In a recent decision, the High Court considered whether the managing director of a company was entitled to represent it in legal proceedings. The Court considered whether it would be equitable to allow directors, who have separate legal personalities to the company, act on its behalf.
Details of the case
- In this case, the bank issued proceedings against the company for possession of lands secured under a mortgage. The managing director sought permission to represent the company and defend the proceedings on its behalf. He claimed that due to the company’s financial circumstances, it was unable to afford legal representation.
- The traditional position in Ireland is, unless there are rare and exceptional circumstances, a lay person cannot represent a litigant in proceedings. As a company has separate legal personality to that of its directors, this has the effect of prohibiting directors or shareholders of a company from representing it in any proceedings.

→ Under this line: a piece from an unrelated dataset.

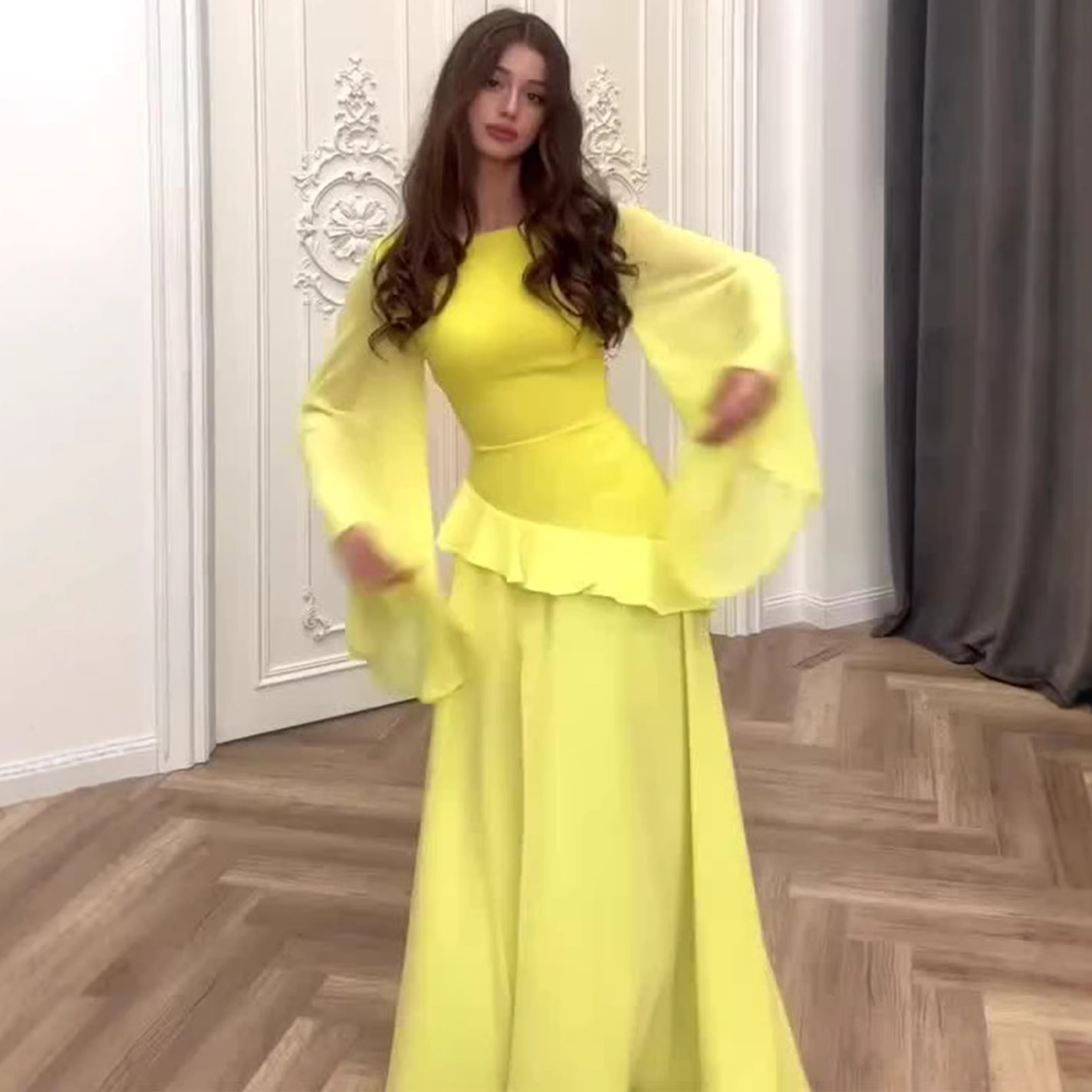 Design Fashion Autumn Ruffle Royal Style Dress Long Sleeve Flared Sleeve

- The Court considered the effect on the bank if the managing director was allowed to represent the company. It found that the director would personally have no exposure to potential costs regardless of his conduct in defending the company. On the other hand, the bank would incur what would most likely be irrecoverable costs in meeting the defence.
- The Court rejected arguments put forward by the managing director that under the European Charter of Fundamental Rights, he was entitled to represent the company in proceedings. The Court also rejected his argument that the proceedings came within the category of rare and exceptional circumstances as it is common that a company does not have the funds to retain legal representation.
This decision is a helpful restatement of the law that a director or shareholder of a company cannot represent it in legal proceedings. This can be significant from a bank’s perspective as it means directors or shareholders of impecunious companies will have little chance of bringing or defending proceedings on the company’s behalf.